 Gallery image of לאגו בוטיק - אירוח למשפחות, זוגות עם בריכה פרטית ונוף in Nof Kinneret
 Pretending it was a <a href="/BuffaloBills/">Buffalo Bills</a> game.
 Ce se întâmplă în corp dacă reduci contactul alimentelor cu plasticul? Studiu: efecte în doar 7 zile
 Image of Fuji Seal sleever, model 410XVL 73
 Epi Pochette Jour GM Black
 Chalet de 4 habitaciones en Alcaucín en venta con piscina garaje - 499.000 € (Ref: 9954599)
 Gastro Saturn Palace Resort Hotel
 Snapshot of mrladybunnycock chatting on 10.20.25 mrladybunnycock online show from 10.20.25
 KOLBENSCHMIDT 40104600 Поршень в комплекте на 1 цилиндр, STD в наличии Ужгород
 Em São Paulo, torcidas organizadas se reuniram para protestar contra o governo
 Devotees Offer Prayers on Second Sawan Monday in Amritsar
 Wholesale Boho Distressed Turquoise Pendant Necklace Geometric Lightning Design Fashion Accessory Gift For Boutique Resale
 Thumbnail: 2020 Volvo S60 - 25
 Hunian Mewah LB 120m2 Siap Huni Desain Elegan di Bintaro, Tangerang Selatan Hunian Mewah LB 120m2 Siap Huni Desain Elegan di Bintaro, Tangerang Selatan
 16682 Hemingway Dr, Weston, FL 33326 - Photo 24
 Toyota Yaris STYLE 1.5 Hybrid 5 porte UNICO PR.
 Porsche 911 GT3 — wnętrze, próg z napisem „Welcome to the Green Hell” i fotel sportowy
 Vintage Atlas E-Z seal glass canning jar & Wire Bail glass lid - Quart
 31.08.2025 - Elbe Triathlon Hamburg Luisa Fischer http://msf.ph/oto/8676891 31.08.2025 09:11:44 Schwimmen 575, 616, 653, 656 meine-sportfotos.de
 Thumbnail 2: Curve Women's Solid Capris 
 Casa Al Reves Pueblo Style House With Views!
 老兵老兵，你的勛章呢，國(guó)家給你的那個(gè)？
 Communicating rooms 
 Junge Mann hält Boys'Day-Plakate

### Action item
Your response should consist of the records, printed exactly.

### Worked solution
 Gallery image of לאגו בוטיק - אירוח למשפחות, זוגות עם בריכה פרטית ונוף in Nof Kinneret
 Pretending it was a <a href="/BuffaloBills/">Buffalo Bills</a> game.
 Ce se întâmplă în corp dacă reduci contactul alimentelor cu plasticul? Studiu: efecte în doar 7 zile
 Image of Fuji Seal sleever, model 410XVL 73
 Epi Pochette Jour GM Black
 Chalet de 4 habitaciones en Alcaucín en venta con piscina garaje - 499.000 € (Ref: 9954599)
 Gastro Saturn Palace Resort Hotel
 Snapshot of mrladybunnycock chatting on 10.20.25 mrladybunnycock online show from 10.20.25
 KOLBENSCHMIDT 40104600 Поршень в комплекте на 1 цилиндр, STD в наличии Ужгород
 Em São Paulo, torcidas organizadas se reuniram para protestar contra o governo
 Devotees Offer Prayers on Second Sawan Monday in Amritsar
 Wholesale Boho Distressed Turquoise Pendant Necklace Geometric Lightning Design Fashion Accessory Gift For Boutique Resale
 Thumbnail: 2020 Volvo S60 - 25
 Hunian Mewah LB 120m2 Siap Huni Desain Elegan di Bintaro, Tangerang Selatan Hunian Mewah LB 120m2 Siap Huni Desain Elegan di Bintaro, Tangerang Selatan
 16682 Hemingway Dr, Weston, FL 33326 - Photo 24
 Toyota Yaris STYLE 1.5 Hybrid 5 porte UNICO PR.
 Porsche 911 GT3 — wnętrze, próg z napisem „Welcome to the Green Hell” i fotel sportowy
 Vintage Atlas E-Z seal glass canning jar & Wire Bail glass lid - Quart
 31.08.2025 - Elbe Triathlon Hamburg Luisa Fischer http://msf.ph/oto/8676891 31.08.2025 09:11:44 Schwimmen 575, 616, 653, 656 meine-sportfotos.de
 Thumbnail 2: Curve Women's Solid Capris 
 Casa Al Reves Pueblo Style House With Views!
 老兵老兵，你的勛章呢，國(guó)家給你的那個(gè)？
 Communicating rooms 
 Junge Mann hält Boys'Day-Plakate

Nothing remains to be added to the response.